When I moved to Oakland, Md., after my marriage, I immediately felt at home. The people were warm and inclusive, curious and friendly. I loved to see the Amish and Mennonites mix with each other and with the rest of the local community at a level of interaction and openness I hadn’t experienced among other conservative Anabaptists.
With its prosperous farms and productive country people, Oakland seemed haloed by an idyllic charm. I was proud to call it home.
I am still proud to call this community home. But recently I learned something about a local Anabaptist — someone I respected and even admired — that deeply disappointed me. Now I grapple with disillusionment.
I dealt with similar feelings of disillusionment when it came out that Christian Aid Ministries had badly mishandled sexual abuse against Haitian schoolboys, abuse that could have been prevented. CAM had represented to me everything that was best of conservative Anabaptists — generosity, practicality, integrity, a commitment to spreading the gospel.
My disappointment received a second taint more recently when a Mennonite who was supposedly smuggling Bibles to restricted countries was found to have cheated several Anabaptist ministries from millions of dollars smuggled into his own bank account.

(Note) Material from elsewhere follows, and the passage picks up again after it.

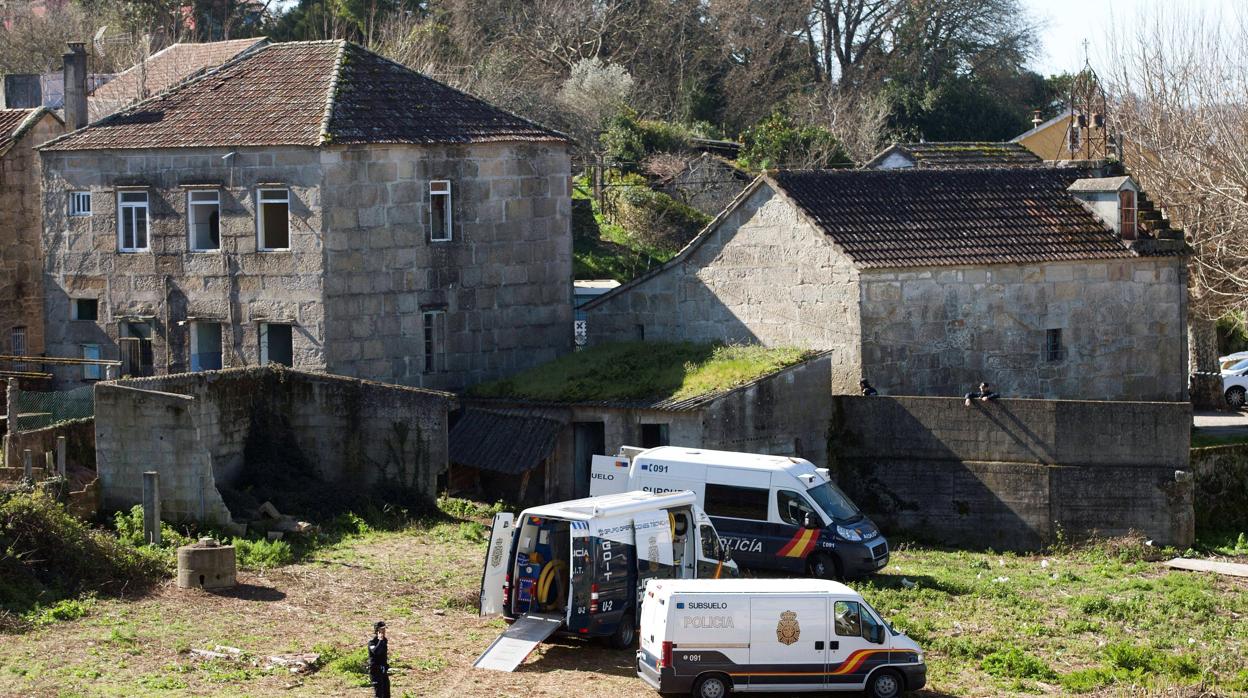 Trabajos de rastreo en la finca de la expareja de Iglesias el pasado mes de febrero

And the late Ravi Zacharias, a Christian hero who blended logic and storytelling in a way that made Christianity both attractive and feasible to the demons of doubt that danced through my soul — this hero, too, was felled by the specter of his sexual misconduct that reached back from his grave.
When stories such as these shock my vision like electric sparks, the world feels tarnished, insecure. I wonder if all I’ve believed is a lie.
The truths I’ve spoken of so glowingly — the redemption that is in Christ, the values of love and forgiveness held among conservative Anabaptists — don’t feel so certain.
If these people I trusted could commit sins of such magnitude, is there anyone to trust? Or is everything and everyone just failure and disillusionment and lies?
A verse rings in my mind. “The foundation of God standeth sure, having this seal, The Lord knoweth them that are his. And, Let every one that nameth the name of Christ depart from iniquity” (2 Timothy 2:19, KJV).
We cannot see all things. The verse offers assurance that there is still a foundation of righteousness, and that God knows his people.
I look at my 2-year-old daughter, her pigtails bobbing beside her head, and wonder what I can give her in a world so tarnished.
I can give her books, love, time, a country lifestyle, a childhood free of fear. But who am I kidding? I can’t really offer her freedom from fear. I can’t even protect her from evil, much as I would like to. The places I think of as safest have not always proved to be so.
When she grows older, she will find the same surprising end of star dreams that I have found.
I think of what my own parents offered me. I can see their imperfections. I can see the flaws and wrongs of the small church I grew up in. Still, they bequeathed to me as best they knew how a bedrock of dependence on God. They offered me Jesus.
And it comes to my mind that in this world of uncertainty and disappointment, the best thing I can offer my daughter is Jesus. Not Mennonite-ism or country life or books or church or education or any of the things I think of as good. I have seen failure in the values and people I counted on most deeply.
But Jesus.
Jesus opens a way to holiness. Jesus cannot fail because — how could he? He is beyond this life.
Do we then hold to a pipe dream?
If our faith is a pipe dream — an unattainable hope — it is a powerful one. One that has changed people’s lives, brought healing and hope where desert once was.
Albert Camus once said, “I would rather live my life as if there is a God and die to find out there isn’t, than live my life as if there isn’t and die to find out there is.”
This Christian hope seems at first glance flimsy, but the closer you walk to it, the more you bang your head and your hands against its rough-hewn walls, the sturdier it seems.
The Christian hope is a hope visualized though not yet seen. A hope that rings louder in our hearts — though the world’s heroes may fail us — when we gain private glimpses of God.
Wrong will be made right. Redemption will come. Lift up your heads; it comes near.